The point I would have you see in this is that hardship leads to reflection, especially self-reflection. Self-reflection is not easy. But it is right. Because knowing ourselves rightly leads to us living life rightly before God and before our neighbours.

Which brings us to what Jesus teaches us today. Jesus has just warned the crowds about settling debts with our accuser before they drag you to court. “I tell you,” Jesus warns, “you will never get out until you have paid the very last penny” (Luke 12:59). Some come to him and ask, “What about the Galileans Pilate killed while offering their sacrifices to God?”  Were their sacrifices unacceptable? What did they do to deserve that kind of fate?

Jesus does not answer the way we sometimes do. He doesn’t say, “God needed more angels in heaven” or “at least they’re at peace now.” Instead, he says, “Were they worse sinners than you? No.” But they weren’t less either! We are all in the same boat. The Lord allows your sin to hurt me, and my sin to hurt you, in the hopes that at least one, if not both of us, will turn from our sin and live.
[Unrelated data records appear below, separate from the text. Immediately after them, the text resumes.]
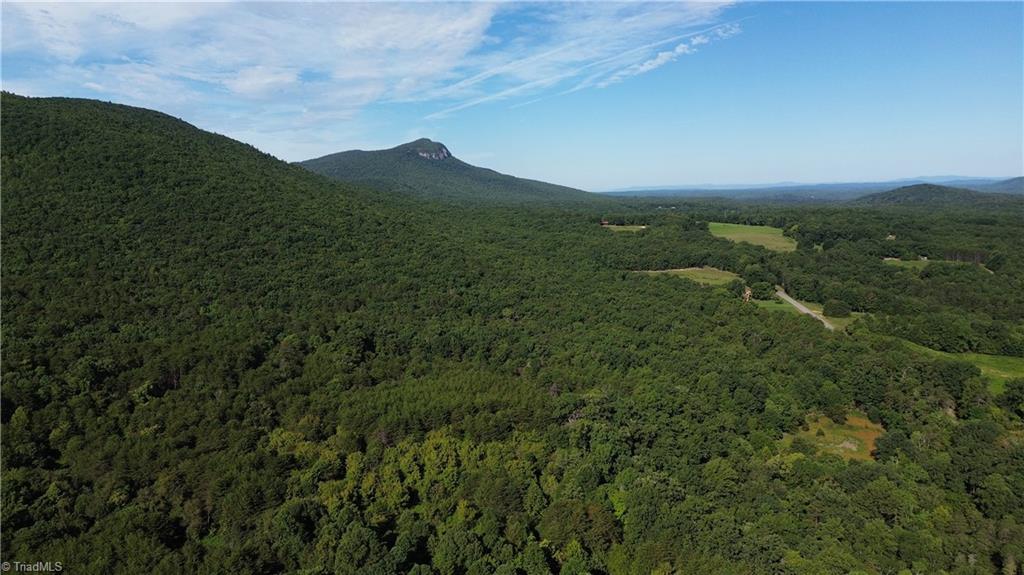 Tract E Hanging Rock Forest Road Property Photo 23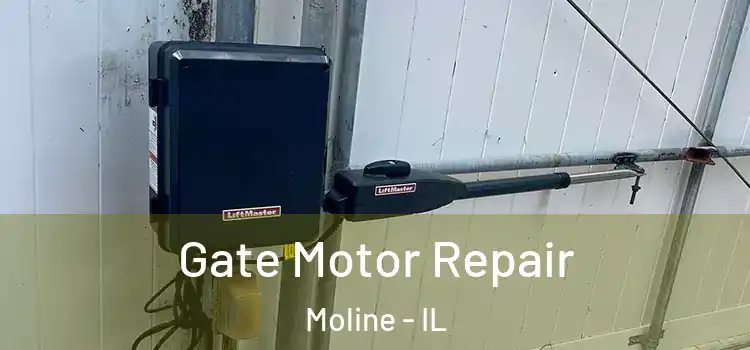 Gate Motor Repair Moline - IL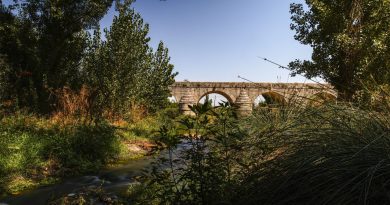 Puente_Retamar_Las Rozas
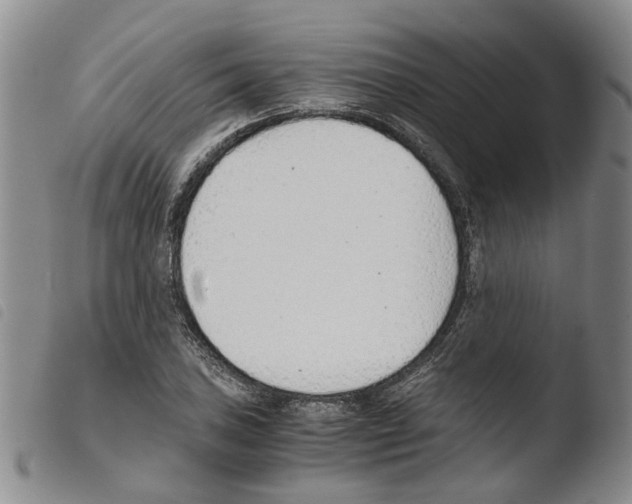 X0000103481027200810241033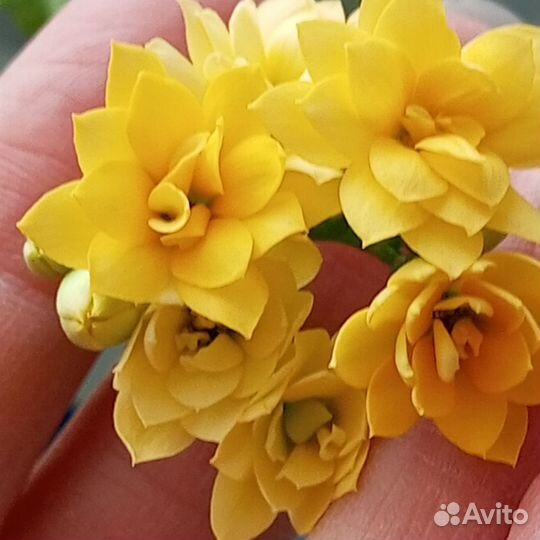 Каланхое цветущий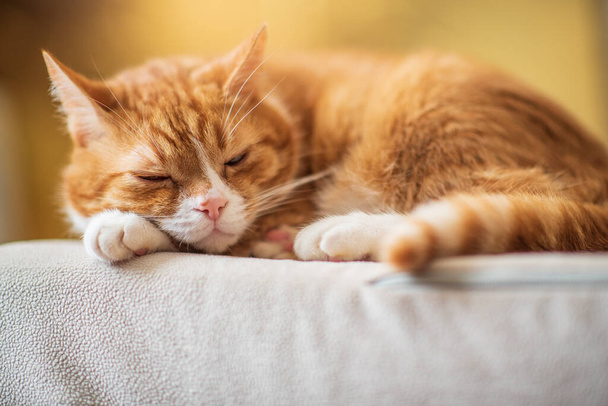 The red cat curled up on the couch. Photographed close-up. - Фото, зображення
Jesus supplies a second example: “Or the eighteen on whom the tower of Siloam fell. What about them?” You’re all in the same boat: creation itself is now subject to evil. The Lord allows the fallen creation to hurt me and you, in the hopes that at least one, if not both of us, will turn back to Jesus and live.
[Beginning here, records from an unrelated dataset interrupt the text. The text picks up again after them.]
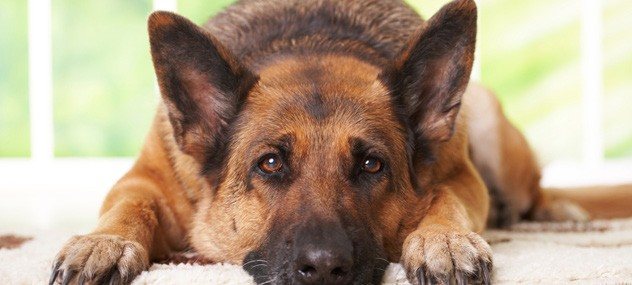 K9 kennels & animal environments environment pictured in the Monnit guide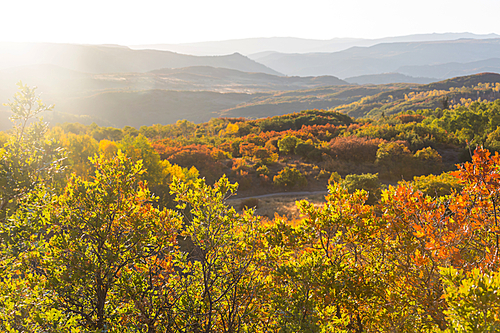 Colorful yellow autumn in Colorado, United States. Fall season.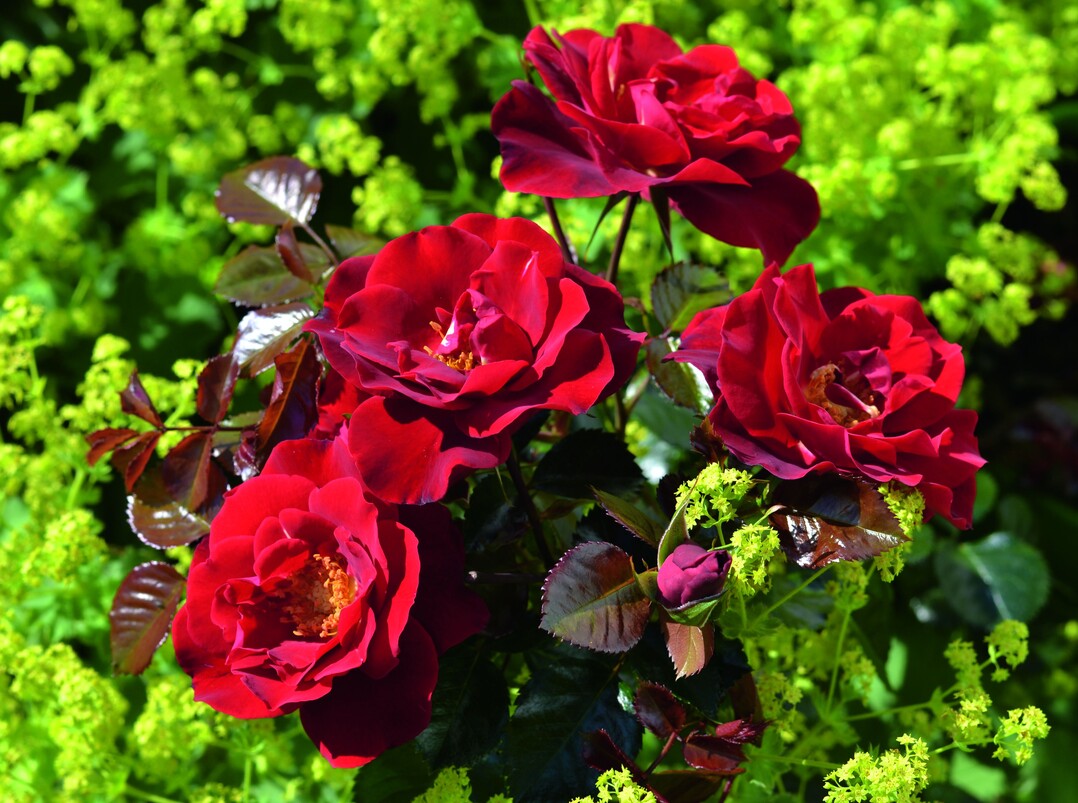 Horizont ist eine insektenfreundliche und hitzevertrgliche rot blhende Kleinstrauchrose bis 80 cm hoch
Then comes the parable, where the groundskeeper throws more manure around the tree, cutting it, pruning it, giving it time and care to make it bear fruit. This is us, and this is Jesus. Throwing manure around our roots, painfully cutting off branches and dead heading our flowers, that in the end we might bear fruit: “…Love, joy, peace, patience, kindness, goodness, faithfulness, gentleness, self-control” (Galatians 5:22–23, ESV).

Were it not for the hardships of life, for suffering, for trials, for anfechtung, we would walk through life without seeing our own hearts as the Lord sees them: in desperate need of his healing and care. We would not realize how much we are daily in need of the Lord’s help. The salvation of our Lord who would be willing to suffer at our hands that we might be healed in his.

For if anyone is a hearer of the word and not a doer, he is like a man who looks intently at his natural face in a mirror.  For he looks at himself and goes away and at once forgets what he was like. (James 1:23–24, ESV)

Prayer and meditation – yes. But do not discount suffering. Your gardener and physician, Jesus our Lord, is working on you. Drawing you closer to himself, strengthening your faith, humbling your heart, so he might exalt you. So that through his cross and suffering, and now your cross and suffering, you might be saved forever. Amen.